Fünfunddreißigstes Capitel.

Ein Gewitter.

Freitag, 21. August. – Am folgenden Tag verschwand der prachtvolle Geyser. Der frische Wind trieb uns rasch vom Inselchen Axel weg. Das Brausen wurde nach und nach unvernehmlich.

Dies Wetter, wenn man sich so ausdrücken darf, wird sich bald ändern. Die Atmosphäre wird mit Dünsten erfüllt, welche alle durch die Verdunstung der Salzwasser gebildete Elektricität in sich aufnehmen; die Wolken senken sich merklich und nehmen eine gleichförmig olivenartige Färbung an; die elektrischen Strahlen können durch diesen dunkeln Vorhang kaum dringen, welcher vor das Theater herabgelassen ist, worauf ein Sturmdrama aufgeführt werden soll.

Es machte dies auf mich einen ganz besonderen Eindruck, so wie auf der Erde ein bevorstehender Wolkenbruch auf jedes Geschöpf wirkt. Das im Süden aufsteigende Gewölk gewährt einen unheimlichen Anblick; es sieht so unbarmherzig aus, wie oft beim Ausbruch eines Gewitters. Die Luft ist schwül, das Meer ruhig.

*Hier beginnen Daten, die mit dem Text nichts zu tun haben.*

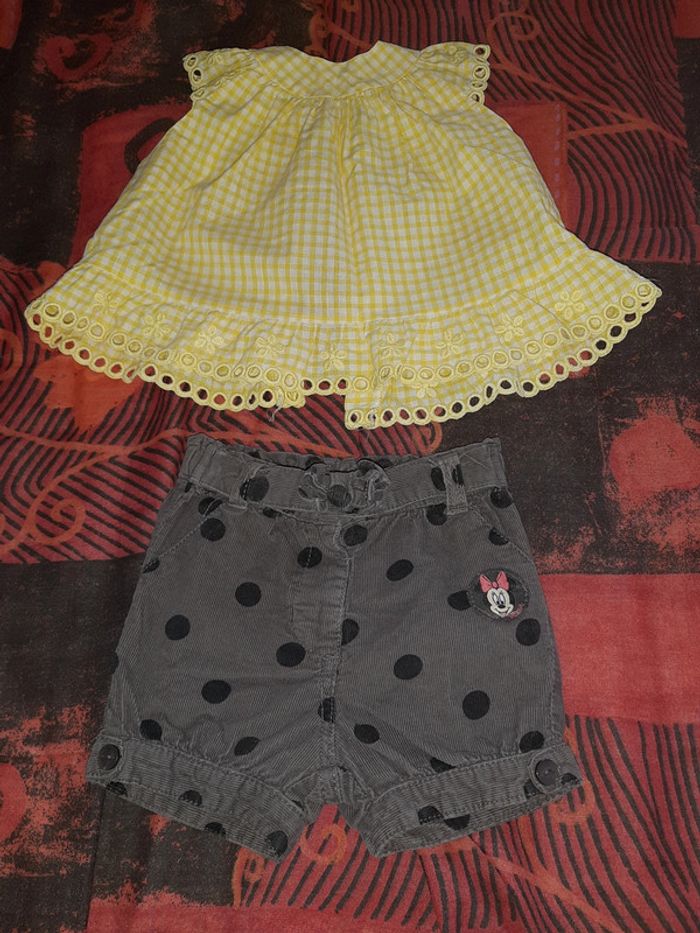 Haut jaune à carreaux + short minnie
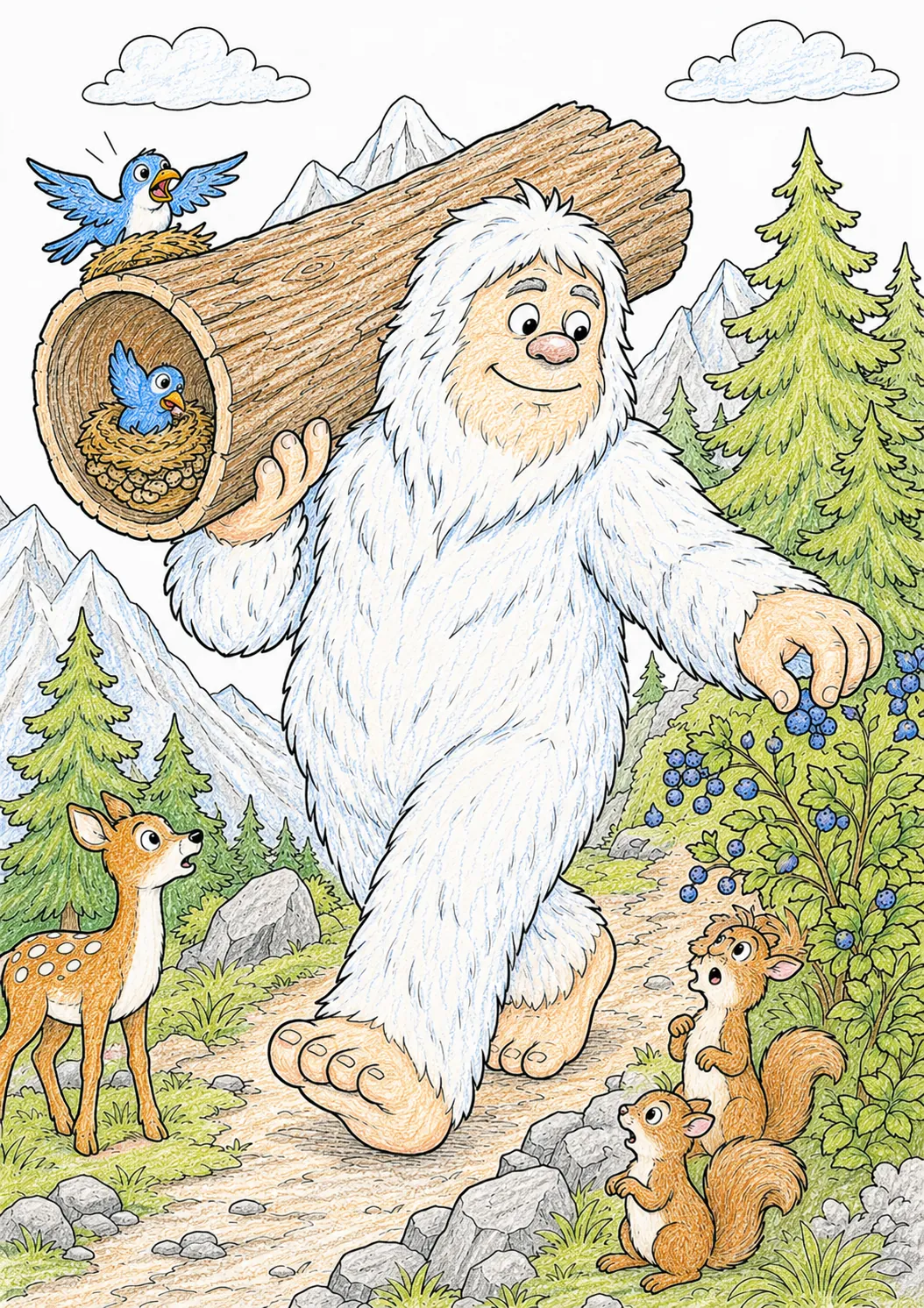 Yeti trägt Baumstamm mit einem Arm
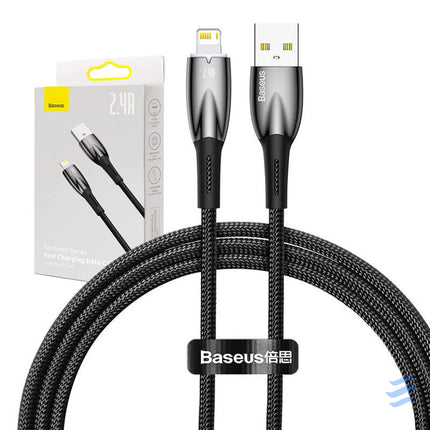 USB cable for Lightning Baseus Glimmer Series 2.4A 1m (Black) USB to Lightning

In der Ferne häufen sich die Wolken gleich dicken Baumwollballen in malerischer Unordnung; allmälig schwellen sie an, sind minder zahlreich, dagegen größer und so schwer, daß sie nicht vom Horizont sich losmachen können; aber ein stärkerer Wind treibt sie in die Höhe, daß sie allmälig zusammenfließen, dunkel werden und bald eine einzige Schichte von drohendem Aussehen bilden.

Offenbar ist die Atmosphäre vom elektrischen Fluidum gesättigt; ich bin davon ganz durchdrungen; meine Haare auf dem Kopf sträuben sich, wie wenn man einer Elektrisirmaschine nahe kommt. Es dünkt mir, wenn meine Gefährten mich in diesem Augenblick anrührten, würden sie einen starken Stoß bekommen.

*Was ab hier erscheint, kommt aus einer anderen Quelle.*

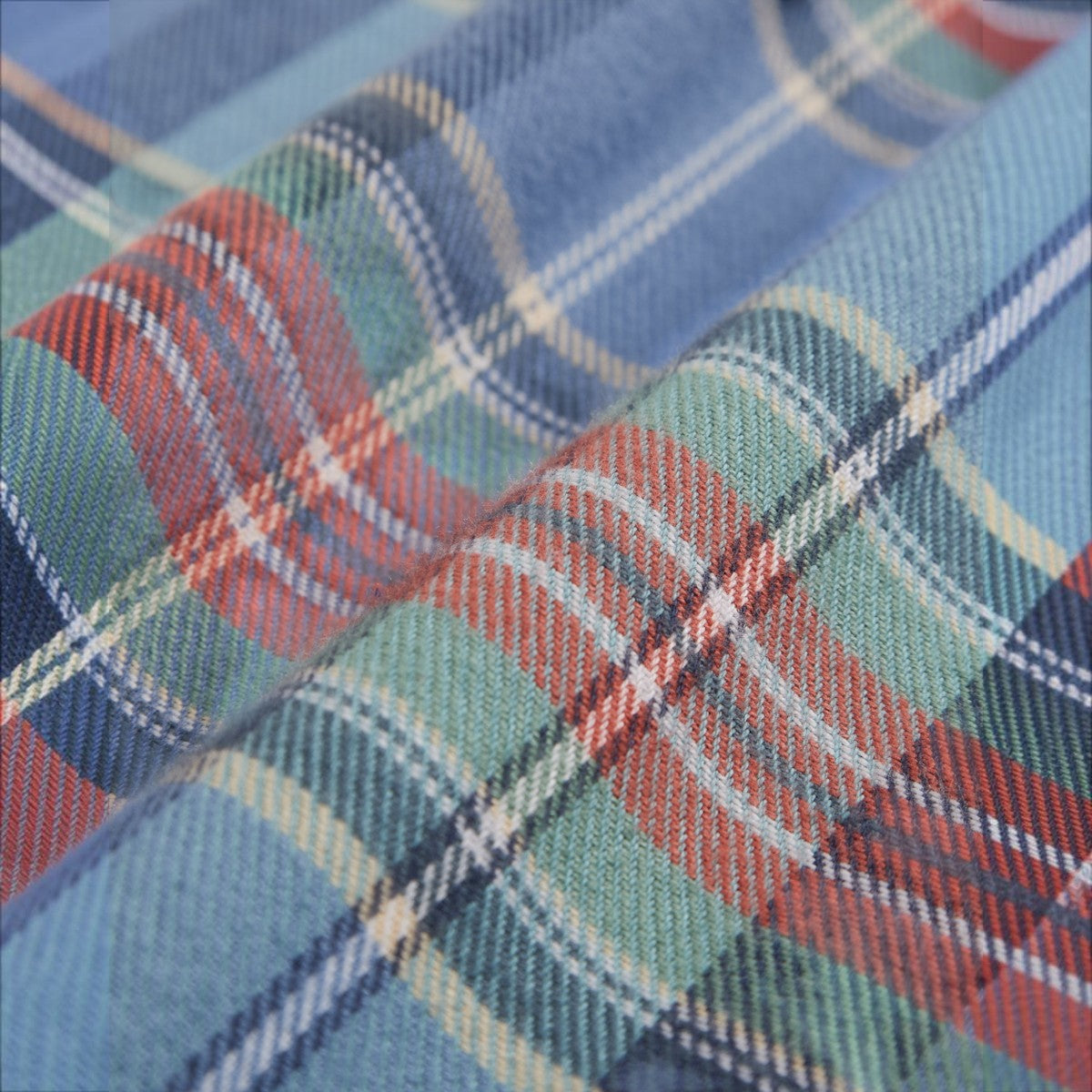 MILWORKS Lucia plaid flannel shirt fabric in blue, green, and red cotton with a soft brushed texture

Um zehn Uhr sind die Anzeichen des Sturmes entschiedener. Ich will zwar noch nicht den Drohungen des Himmels glauben, doch kann ich nicht umhin zu sagen:

»Ein Unwetter bereitet sich vor.«

Der Professor bleibt die Antwort schuldig. Er ist sehr übel gelaunt, da er den Ocean vor seinen Augen sich unendlich ausdehnen sieht. Er zuckt nur die Achseln.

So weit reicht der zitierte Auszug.